Search code examples
gitgithubtagsbranchgit-commit

How can a specific git repo contain only one branch, and yet each of its 94 tags returns files which do not appear in the branch?


I see in this publicly available GitHub repo, https://github.com/ServiceNow/devtraining-needit-quebec, only one branch, main, which contains three small files and a folder with a small file:

  • update [folder]
    • sys_ui_view_5bd975bd0fa03200cd674f8ce1050e7f.xml
  • README.md
  • checksum.txt
  • sys_app_6ead8e780f603200cd674f8ce1050ed1.xml

There is only one branch, main, but there are 94 tags. Each tag has associated with it 2 "assets" which appear unique to the tag. Every tag has a source code .zip and source code .tgz. These archive files appear to me to each be unique with a unique set of files in them. By unique I mean all files in all archives and the archives themselves are mutually exclusive of each other.
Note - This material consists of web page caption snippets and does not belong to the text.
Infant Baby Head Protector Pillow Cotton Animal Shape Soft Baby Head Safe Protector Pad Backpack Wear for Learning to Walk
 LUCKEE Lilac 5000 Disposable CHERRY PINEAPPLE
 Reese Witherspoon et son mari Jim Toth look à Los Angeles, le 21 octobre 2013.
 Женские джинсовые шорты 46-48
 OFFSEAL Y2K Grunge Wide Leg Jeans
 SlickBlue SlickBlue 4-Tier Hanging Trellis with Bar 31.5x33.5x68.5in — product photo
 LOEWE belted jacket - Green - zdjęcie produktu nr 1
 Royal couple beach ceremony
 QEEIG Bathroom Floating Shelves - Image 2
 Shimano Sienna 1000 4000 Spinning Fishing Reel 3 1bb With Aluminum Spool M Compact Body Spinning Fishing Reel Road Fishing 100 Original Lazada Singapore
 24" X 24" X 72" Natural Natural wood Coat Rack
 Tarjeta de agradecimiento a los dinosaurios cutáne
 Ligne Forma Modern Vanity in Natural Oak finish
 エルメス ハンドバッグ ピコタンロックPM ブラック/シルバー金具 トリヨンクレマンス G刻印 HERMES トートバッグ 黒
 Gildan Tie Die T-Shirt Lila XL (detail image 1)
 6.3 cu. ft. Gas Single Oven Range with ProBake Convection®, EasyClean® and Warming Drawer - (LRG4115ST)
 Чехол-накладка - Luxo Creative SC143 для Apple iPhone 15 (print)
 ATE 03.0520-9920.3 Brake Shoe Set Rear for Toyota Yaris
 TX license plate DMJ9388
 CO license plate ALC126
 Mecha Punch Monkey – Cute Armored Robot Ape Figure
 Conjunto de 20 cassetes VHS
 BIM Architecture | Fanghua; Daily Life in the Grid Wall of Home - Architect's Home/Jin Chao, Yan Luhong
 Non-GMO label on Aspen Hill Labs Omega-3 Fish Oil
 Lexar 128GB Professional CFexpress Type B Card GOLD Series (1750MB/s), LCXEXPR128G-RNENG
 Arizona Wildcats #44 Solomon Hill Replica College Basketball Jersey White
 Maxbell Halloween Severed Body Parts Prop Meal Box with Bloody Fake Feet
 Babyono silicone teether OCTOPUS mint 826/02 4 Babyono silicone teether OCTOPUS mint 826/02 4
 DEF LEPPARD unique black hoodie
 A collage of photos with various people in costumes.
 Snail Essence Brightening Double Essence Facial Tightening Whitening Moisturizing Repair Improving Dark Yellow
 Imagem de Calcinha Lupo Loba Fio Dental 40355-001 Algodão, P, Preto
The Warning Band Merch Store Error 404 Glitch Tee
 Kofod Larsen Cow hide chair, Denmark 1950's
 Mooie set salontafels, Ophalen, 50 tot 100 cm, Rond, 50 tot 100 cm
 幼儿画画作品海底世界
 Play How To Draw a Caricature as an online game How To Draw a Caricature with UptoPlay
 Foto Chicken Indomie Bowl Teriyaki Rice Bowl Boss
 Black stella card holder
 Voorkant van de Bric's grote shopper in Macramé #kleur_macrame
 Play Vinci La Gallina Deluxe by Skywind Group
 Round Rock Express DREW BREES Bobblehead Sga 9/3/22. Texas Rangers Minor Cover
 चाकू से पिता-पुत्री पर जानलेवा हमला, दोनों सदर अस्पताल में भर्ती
My understanding of git is that each commit has a unique identifier which represents a pointer to the changes between the sum of all previous chunks and the current. Each "file" will always be part of a commit, and each commit must always be in at least one branch. In other words no commit can exist outside of a branch otherwise it is not a commit. Tags are only a unique bookmark to the state of a repo. It could have also been the state of a branch at a point in time.

How then, can a tag represent a unique set of files that lives completely outside of any branch? The only explanations I can imagine so far are 1. my understanding of git is wrong or incomplete. 2. GitHub has extended git in some way and my understanding of GitHub is also wrong or incomplete.


Solution

  • Let's start with this correction, which is itself somewhat minor but does get used soon:

    My understanding of git is that each commit has a unique identifier

    Yes: this is a hash ID, currently SHA-1 hashes.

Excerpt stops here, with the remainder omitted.